Knowledge Hoarding: A Cultural Phenomenon
One major operational issue is the driving philosophy that knowledge is a form of power to leverage. While at face value this concept does not appear to have any concrete outcomes, the reality of this doctrine is that it creates many deficiencies within the work place. These deficiencies materialize in the form of knowledge leverage through possession and lack of dissemination. Essentially, individuals will hold on to the knowledge they’ve either helped produce or have attained over time in order to be one step ahead of all other employee’s. This tactic not only creates division between employees who are supposed to be working on teams together, but also invokes a culture of distrust. This culture in turn slows down efficiency and invokes individualism in work production – making the process of doing things more time consuming and difficult.
One way to address this glaring issue is an evolution of culture. This is an easy cop out concept, but, moving beyond this basic idea one could infiltrate culture through a varying array of programs. One current program that has been employed is called Thayer, it is an empowerment leadership program put on by the military which we send employees to. While this was a good step in the right direction and a large piece of the legacy the current president will be leaving behind, it has yet to intrinsically change action and build trust within teams. Therefore, a different way that this problem could be addressed is through Chris’ Ignite programs. A program that is organizationally cross-functional in terms of having a diverse population of employee’s across many roles and positions coming together to grow networking within different organizations by using experiential learning and leadership training. There is a need for programs such as Ignite to grow in scale in order to reach more people and effectively advance positive culture shift.

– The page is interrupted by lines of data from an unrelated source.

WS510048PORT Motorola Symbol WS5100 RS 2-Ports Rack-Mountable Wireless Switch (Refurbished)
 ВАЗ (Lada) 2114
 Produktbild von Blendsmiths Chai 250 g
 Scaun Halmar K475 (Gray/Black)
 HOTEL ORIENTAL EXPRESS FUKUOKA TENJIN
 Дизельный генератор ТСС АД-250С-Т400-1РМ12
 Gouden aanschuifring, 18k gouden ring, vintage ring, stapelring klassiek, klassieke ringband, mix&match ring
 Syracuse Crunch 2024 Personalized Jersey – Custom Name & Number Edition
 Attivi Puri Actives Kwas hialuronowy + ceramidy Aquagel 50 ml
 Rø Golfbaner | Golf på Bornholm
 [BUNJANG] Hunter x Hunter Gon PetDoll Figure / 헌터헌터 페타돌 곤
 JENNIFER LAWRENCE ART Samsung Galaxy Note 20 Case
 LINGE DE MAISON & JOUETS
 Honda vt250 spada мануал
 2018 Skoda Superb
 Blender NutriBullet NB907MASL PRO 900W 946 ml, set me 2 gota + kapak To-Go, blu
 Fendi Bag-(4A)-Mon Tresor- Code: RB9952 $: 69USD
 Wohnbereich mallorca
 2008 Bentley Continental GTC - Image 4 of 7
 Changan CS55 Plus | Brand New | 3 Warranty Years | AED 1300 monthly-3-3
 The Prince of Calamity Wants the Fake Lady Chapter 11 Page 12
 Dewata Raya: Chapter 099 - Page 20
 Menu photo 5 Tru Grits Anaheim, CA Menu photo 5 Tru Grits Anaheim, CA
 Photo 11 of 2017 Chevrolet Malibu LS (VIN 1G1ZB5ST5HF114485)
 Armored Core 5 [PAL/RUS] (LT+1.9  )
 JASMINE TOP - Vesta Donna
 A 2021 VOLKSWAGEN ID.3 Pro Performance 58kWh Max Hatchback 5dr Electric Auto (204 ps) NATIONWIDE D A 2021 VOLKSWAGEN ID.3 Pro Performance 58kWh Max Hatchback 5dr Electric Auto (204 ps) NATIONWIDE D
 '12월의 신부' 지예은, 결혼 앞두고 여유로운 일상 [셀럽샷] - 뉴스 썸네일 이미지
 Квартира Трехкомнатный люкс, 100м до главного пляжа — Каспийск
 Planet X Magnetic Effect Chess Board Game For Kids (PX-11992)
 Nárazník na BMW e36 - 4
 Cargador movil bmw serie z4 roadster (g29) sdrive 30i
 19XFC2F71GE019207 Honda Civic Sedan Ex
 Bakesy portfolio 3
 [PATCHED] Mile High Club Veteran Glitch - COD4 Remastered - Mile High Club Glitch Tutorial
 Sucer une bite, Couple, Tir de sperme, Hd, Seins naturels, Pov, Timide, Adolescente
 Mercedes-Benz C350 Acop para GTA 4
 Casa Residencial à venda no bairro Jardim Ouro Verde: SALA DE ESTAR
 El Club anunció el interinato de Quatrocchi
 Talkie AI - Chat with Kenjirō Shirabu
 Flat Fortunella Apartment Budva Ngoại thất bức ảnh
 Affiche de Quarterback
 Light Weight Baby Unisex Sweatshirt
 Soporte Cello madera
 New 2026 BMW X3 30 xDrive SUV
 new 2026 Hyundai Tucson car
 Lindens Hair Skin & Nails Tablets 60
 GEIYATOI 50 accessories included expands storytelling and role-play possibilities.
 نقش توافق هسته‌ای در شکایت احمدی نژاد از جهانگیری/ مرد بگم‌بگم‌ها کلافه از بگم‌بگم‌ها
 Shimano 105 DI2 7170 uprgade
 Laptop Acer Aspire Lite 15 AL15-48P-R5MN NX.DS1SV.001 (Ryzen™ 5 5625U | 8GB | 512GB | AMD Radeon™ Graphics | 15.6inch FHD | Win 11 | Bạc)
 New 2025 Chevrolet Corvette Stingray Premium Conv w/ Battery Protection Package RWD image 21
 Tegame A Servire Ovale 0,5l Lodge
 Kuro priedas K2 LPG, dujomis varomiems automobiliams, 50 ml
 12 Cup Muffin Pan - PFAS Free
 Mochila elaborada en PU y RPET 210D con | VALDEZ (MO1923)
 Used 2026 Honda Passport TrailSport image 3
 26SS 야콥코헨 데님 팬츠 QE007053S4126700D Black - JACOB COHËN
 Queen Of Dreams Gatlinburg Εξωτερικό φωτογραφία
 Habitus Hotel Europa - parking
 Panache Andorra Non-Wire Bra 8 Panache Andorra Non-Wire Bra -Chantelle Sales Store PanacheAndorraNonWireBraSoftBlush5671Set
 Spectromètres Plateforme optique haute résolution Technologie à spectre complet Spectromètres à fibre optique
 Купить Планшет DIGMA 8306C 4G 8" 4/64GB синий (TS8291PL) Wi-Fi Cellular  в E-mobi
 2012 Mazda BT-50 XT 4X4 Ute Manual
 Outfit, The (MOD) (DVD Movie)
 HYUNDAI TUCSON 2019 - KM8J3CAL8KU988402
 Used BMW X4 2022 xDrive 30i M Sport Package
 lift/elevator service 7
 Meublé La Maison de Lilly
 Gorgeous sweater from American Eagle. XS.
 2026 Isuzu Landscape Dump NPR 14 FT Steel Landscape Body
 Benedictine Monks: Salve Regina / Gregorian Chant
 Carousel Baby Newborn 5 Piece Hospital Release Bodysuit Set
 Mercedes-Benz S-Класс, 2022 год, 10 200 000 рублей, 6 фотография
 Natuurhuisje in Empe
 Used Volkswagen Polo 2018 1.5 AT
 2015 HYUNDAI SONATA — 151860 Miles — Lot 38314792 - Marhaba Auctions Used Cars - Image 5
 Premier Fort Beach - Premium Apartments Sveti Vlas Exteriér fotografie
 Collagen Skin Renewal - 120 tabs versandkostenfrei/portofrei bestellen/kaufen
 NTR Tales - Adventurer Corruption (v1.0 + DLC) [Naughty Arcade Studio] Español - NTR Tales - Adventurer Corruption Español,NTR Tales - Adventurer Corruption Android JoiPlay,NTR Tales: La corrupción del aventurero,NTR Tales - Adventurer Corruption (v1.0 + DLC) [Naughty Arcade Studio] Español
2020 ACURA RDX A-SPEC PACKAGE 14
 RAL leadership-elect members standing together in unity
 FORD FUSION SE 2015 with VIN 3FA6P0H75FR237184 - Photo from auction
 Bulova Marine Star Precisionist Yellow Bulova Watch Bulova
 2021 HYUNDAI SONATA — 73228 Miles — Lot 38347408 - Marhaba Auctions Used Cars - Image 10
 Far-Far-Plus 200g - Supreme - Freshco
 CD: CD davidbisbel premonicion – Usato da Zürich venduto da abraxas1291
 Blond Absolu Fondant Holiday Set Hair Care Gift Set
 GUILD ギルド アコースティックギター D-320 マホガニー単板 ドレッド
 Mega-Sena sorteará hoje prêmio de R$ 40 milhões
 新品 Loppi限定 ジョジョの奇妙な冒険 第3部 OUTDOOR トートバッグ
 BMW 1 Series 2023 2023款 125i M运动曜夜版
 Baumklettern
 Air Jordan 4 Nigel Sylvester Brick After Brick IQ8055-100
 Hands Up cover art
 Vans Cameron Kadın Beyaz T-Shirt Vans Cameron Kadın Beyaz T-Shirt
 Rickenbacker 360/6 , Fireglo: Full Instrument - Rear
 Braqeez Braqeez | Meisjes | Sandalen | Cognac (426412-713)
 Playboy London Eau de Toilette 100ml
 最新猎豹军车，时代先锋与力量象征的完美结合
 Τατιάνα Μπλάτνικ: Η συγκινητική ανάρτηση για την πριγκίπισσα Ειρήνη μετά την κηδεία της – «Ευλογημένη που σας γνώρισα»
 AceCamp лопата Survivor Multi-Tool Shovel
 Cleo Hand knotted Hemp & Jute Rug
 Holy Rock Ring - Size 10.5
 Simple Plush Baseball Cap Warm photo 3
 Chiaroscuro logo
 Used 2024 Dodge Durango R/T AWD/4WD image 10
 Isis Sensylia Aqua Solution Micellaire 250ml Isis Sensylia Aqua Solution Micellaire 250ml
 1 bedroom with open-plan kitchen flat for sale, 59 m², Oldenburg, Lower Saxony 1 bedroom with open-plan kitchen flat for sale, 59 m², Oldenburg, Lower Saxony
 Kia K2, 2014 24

I have taken the initiative to help support this growth by conducting research on social franchising and social enterprises in my time here. And am now working to build the skeleton that will essentially act as a baseline to scale Ignite into a global leadership program through the use of social franchising. Due to my background in leadership studies, I was able to conduct research in a timely and effective matter, as well as prepare the content needed to help share the potential of this outcome with Chris. With the potential to scale Ignite programming into an internal global leadership program there is growing hope that the current culture gap of information hoarding and defective team operations will be thwarted in due time.